From: Liu, Yi L yi.l.liu@intel.com Sent: Wednesday, December 27, 2023 10:13 PM
On 2023/12/27 17:33, Ethan Zhao wrote:
On 12/27/2023 5:06 PM, Duan, Zhenzhong wrote:
-----Original Message----- From: Liu, Yi L yi.l.liu@intel.com Sent: Tuesday, December 26, 2023 4:44 PM Subject: Re: [PATCH v7 7/9] iommu/vt-d: Allow qi_submit_sync() to
return
the QI faults
On 2023/12/26 14:15, Yi Liu wrote:
On 2023/12/26 12:13, Tian, Kevin wrote:
> From: Liu, Yi L yi.l.liu@intel.com > Sent: Tuesday, December 26, 2023 12:03 PM > > On 2023/12/22 12:23, Tian, Kevin wrote: >>> From: Liu, Yi L yi.l.liu@intel.com >>> Sent: Thursday, December 21, 2023 11:40 PM >>> >>> + fault &= DMA_FSTS_IQE | DMA_FSTS_ITE | DMA_FSTS_ICE; >>> + if (fault) { >>> + if (fsts) >>> + *fsts |= fault; >> do we expect the fault to be accumulated? otherwise it's clearer to >> just do direct assignment instead of asking for the caller to clear >> the variable before invocation. > not quite get. do you mean the fault should not be cleared in the
caller
> side? > I meant:
if (fsts) *fsts = fault;
unless there is a reason to *OR* the original value.
I guess no such a reason. :) let me modify it.

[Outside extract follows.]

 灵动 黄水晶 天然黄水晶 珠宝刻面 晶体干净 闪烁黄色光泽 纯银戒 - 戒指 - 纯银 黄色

hmmm, replied too soon. The qi_check_fault() would be called multiple times in one invalidation circle as qi_submit_sync() needs to see if any fault happened before the hw writes back QI_DONE to the wait
descriptor.
There can be ICE which may eventually result in ITE. So caller of qi_check_fault() would continue to wait for QI_DONE. So qi_check_fault() returns 0 to let qi_submit_sync() go on though ICE detected. If we use '*fsts = fault;', then ICE would be missed since the input fsts pointer is the same in one qi_submit_sync() call.

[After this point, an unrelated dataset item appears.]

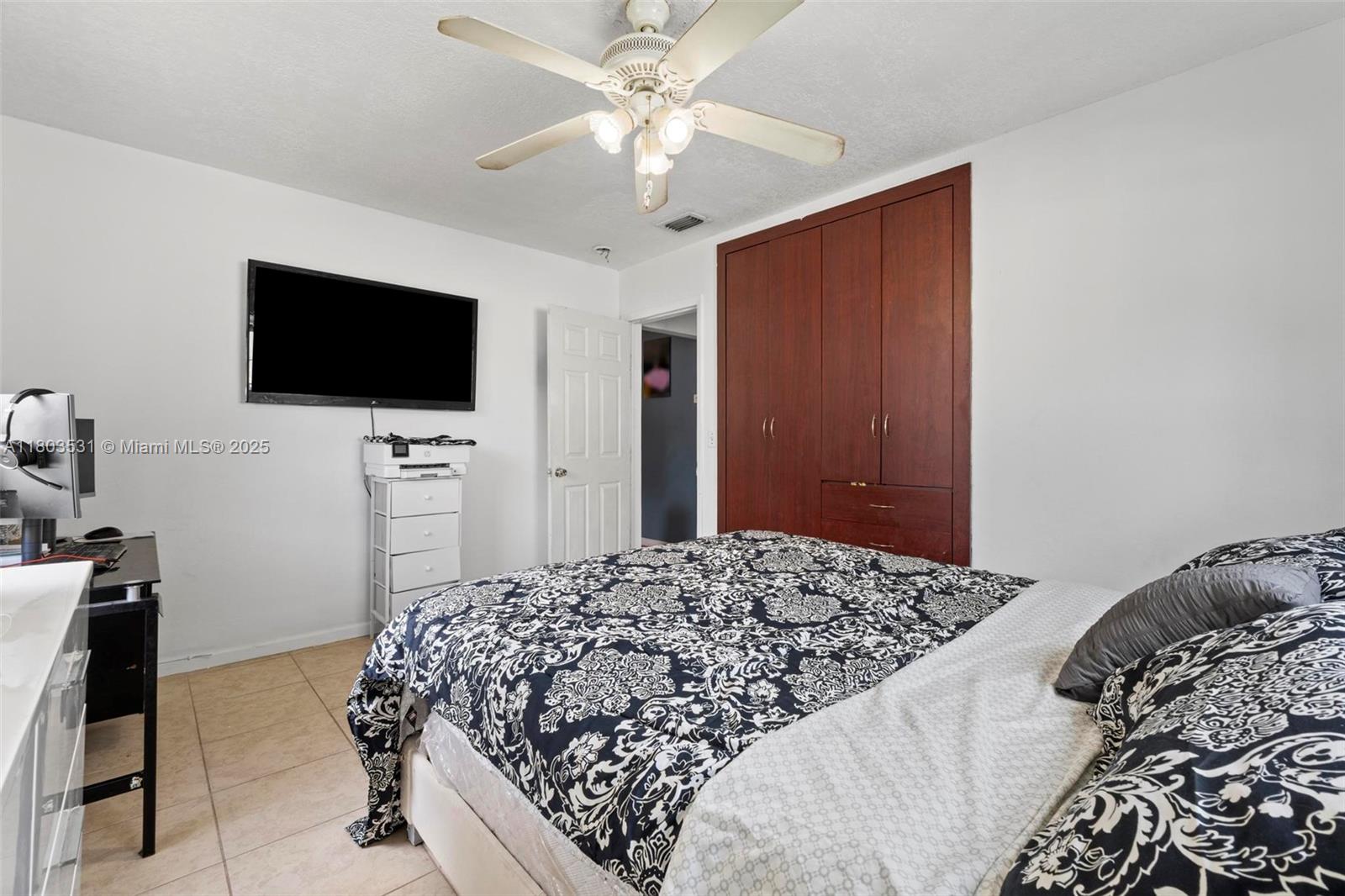 941 NW 76th St, Miami, Florida image 16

Is it necessary to return fault to user if qi_check_fault() return -EAGAIN and a restart run succeeds?
no need if a restart succeeds. I would add a *fault = 0 per the restart.

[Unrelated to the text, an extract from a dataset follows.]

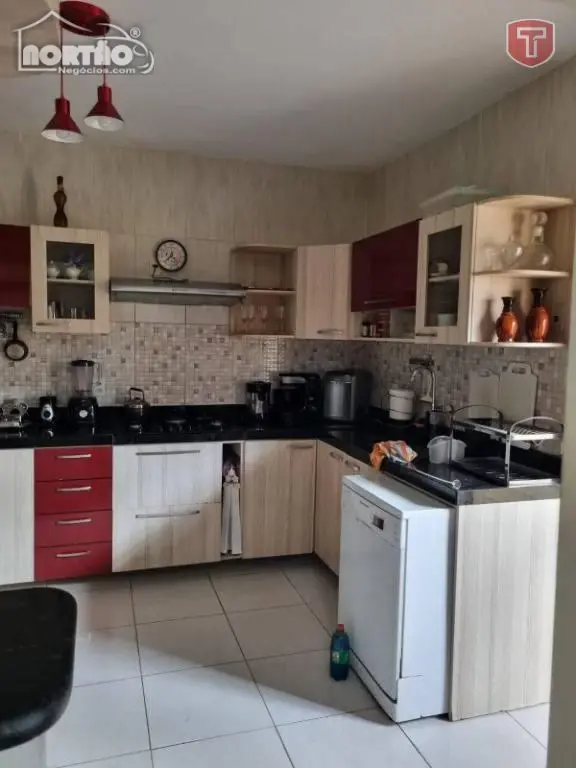 Casa, 4 quartos, 233 m² - Foto 10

Issue a device-TLB invalidation to no response device there is possibility
will be trapped there loop for ITE , never get return.
yes. This the implementation today, in future I think we may need a kind of timeout mechanism, so that it can return and report the error to user. In concept, in nested translation, the page table is owned by userspace, so it makes more sense to let userspace know it and take proper action.
it doesn't make sense to retry upon an invalidation request from userspace. if retry is required that is the policy of guest iommu driver. Also it's not good to introduce a uapi flag which won't be set by current driver.
this can be solved by a simple change in qi_check_fault():
if (qi->desc_status[wait_index] == QI_ABORT) - return -EAGAIN; + return fsts ? -ETIMEDOUT : -EAGAIN;
because if the caller wants to know the fault reason the implication is that the caller will decide how to cope with the fault. It is incorrect for qi_check_fault() to decide.